By Lilith Foster-Collins

May 31, 2024

One key lesson from GIF’s work on Innovating for Gender Equality is that, to effect positive change, we can’t just focus on women and girls. As one of our investments, RWAMREC, scales its operations and launches in a new district in Rwanda, here’s how this - and two other - innovations in our gender portfolio are focusing on men and boys.

RWAMREC this year launched its Bandebereho programme into the Gakenke District, Rwanda, focusing on maternal and child health services, and addressing the issue of gender-based violence.

Bandebereho uses a 15 session curriculum with community role models to discuss positive fatherhood, maternal and new-born health, violence prevention, and unpaid care work.

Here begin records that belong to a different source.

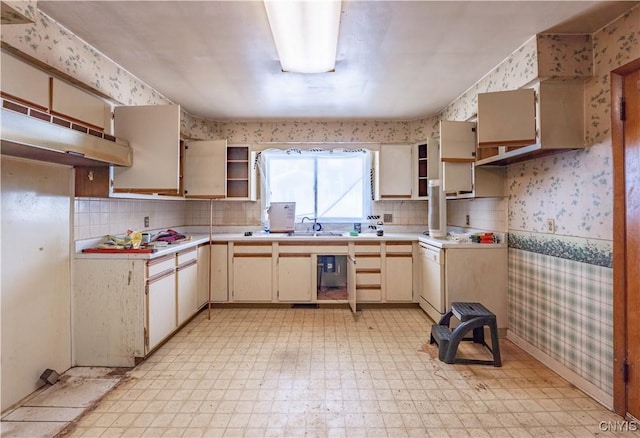 kitchen featuring light countertops, open shelves, light floors, and wallpapered walls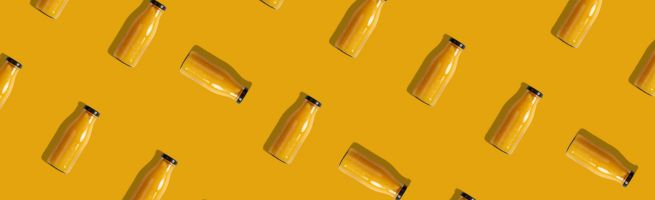Repeating pattern of orange juice bottles arranged diagonally on a yellow background.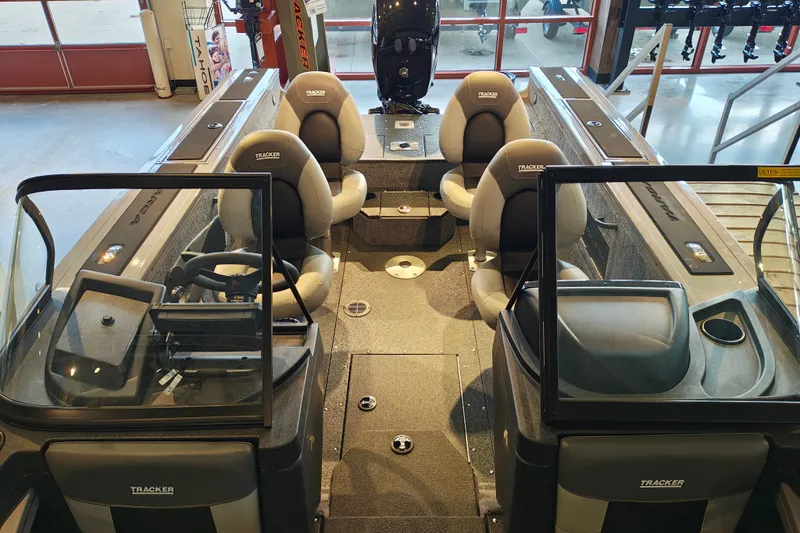 Slide: The Image of 2027 Tracker Targa V-18 WT boat interior with seating and steering console. - 28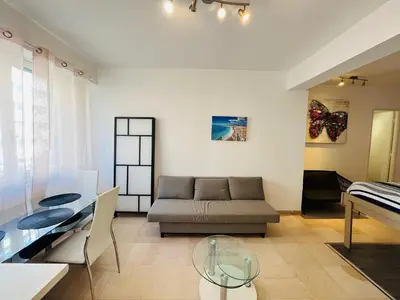 a living room with a couch and a glass table at Grand studio de 30 m2 Promenade des Anglais in Nice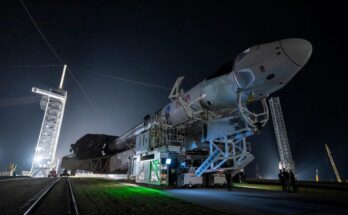 A night photo of the SpaceX Falcon 9 being transported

GIF invested $1.8 million into Bandebereho with the aim to increase uptake to at least three districts, which has now been achieved.

The investment also aimed to improve delivery via community health workers and assess the programme’s cost effectiveness.

Bandebereho is just one of several innovations tackling gender equality by engaging with men and boys, not just women and girls.

While many interventions target women, men are key for shifting views on gender and changing men’s actions.

There is only so much progress interventions directed at women can achieve alone. Women can be encouraged to know their rights and stand up for their agency, but when it comes to issues such as partner violence and sexual assault, it is men’s actions that have to change.

No Means No is an innovation which aims to tackle sexual assault through changing the attitudes of young people to prevent harm.

The innovation provides girls with the tools to stand up for their rights, delivering empowerment self-defence skills

But it also engages boys to respect and support women and girls, through reshaping harmful beliefs around gender and teaching bystander intervention skills.

GIF’s initial $225K investment in 2018 supported the initiative to form initial partnerships, with a follow-on investment of $1.9 million building on the success of the pilot to scale No Means No.

The programme has had a tangible impact in preventing sexual assaults, with an average decrease of 47% in sexual violence amongst participants.

This innovation is now rapidly scaling and, using GIF’s Practical Impact methodology, we expect that, within 10 years of our initial investment, No Means No Worldwide will reach 1-3 million girls, preventing 80,000-120,000 sexual assaults of adolescents. This is tens of thousands of girls who will grow up safer.

Breakthrough is an educational programme for boys and girls, which aims to change gender attitudes and behaviours of students to shift gender norms in India.

The community focused programme uses games, songs, drawing and other activities to discuss topics such as gender stereotypes, gender roles at home, girls’ education, women’s employment outside the home, and harassment.

GIF invested $890,000 originally intended to support Breakthrough with scaling the programme across 4,500 government schools in Punjab, and to pilot a model for delivery in Odisha.

Breakthrough and J-PAL are now working with the Government of Odisha for a state-wide roll-out to 23,000 schools.

A randomised controlled trial conducted by J-PAL in Haryana found that the curriculum leads to significant improvements in gender attitudes for girls and boys, as well as positive changes in boys’ behaviour.

GIF estimates that in the 10 years following our initial investment, Breakthrough will have measurably changed the gender attitudes of 8 million girls and boys, meaning 8 million people in India will be entering adulthood with more equal ideas about gender.

The message is clear: innovation for gender equality is just as much about changing the behaviour of men as it is about empowering women. It is only when men’s attitudes also change that gender equality can be achieved.